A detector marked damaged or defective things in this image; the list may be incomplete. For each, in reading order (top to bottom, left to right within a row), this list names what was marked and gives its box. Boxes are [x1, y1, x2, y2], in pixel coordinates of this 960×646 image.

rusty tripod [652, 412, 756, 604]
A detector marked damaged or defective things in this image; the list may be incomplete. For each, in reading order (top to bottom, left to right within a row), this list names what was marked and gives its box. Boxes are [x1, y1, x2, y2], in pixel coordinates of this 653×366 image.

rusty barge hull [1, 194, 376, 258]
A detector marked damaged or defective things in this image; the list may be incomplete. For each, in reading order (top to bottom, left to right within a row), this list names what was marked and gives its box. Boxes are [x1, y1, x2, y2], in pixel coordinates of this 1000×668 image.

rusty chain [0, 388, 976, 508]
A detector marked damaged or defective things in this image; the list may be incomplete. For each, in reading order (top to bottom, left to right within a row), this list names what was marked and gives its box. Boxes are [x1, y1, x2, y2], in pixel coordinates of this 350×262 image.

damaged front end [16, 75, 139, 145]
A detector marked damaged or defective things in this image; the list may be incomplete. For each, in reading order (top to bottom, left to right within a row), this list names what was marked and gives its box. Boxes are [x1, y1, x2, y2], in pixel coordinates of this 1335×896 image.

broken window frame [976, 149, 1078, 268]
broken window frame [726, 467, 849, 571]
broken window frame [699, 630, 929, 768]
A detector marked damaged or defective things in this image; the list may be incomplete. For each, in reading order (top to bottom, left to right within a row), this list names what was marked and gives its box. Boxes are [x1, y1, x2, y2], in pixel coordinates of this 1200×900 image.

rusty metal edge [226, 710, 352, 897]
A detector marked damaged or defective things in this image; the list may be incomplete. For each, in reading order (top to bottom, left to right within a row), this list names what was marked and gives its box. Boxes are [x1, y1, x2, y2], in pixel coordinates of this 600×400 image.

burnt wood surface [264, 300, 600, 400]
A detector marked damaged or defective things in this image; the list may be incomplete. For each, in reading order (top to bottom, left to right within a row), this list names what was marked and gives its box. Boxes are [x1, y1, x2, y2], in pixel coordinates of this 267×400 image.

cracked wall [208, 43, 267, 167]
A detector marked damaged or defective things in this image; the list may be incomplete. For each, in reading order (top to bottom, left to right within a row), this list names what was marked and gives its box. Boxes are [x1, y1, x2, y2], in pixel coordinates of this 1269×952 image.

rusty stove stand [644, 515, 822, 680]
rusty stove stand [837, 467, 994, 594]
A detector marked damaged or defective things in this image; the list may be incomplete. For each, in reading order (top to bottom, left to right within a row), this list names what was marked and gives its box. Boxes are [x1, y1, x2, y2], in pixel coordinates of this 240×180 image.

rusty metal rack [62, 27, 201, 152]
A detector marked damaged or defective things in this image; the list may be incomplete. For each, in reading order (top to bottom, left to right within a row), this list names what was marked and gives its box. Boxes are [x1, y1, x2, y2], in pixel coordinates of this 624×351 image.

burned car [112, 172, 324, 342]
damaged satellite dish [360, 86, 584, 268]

### Your task
Reproduce precisely the span of lines that begins at the line containing "this 624×351 image." and ends with the last line of the listing.

### Answer section
A detector marked damaged or defective things in this image; the list may be incomplete. For each, in reading order (top to bottom, left to right within a row), this list names what was marked and gives its box. Boxes are [x1, y1, x2, y2], in pixel coordinates of this 624×351 image.

burned car [112, 172, 324, 342]
damaged satellite dish [360, 86, 584, 268]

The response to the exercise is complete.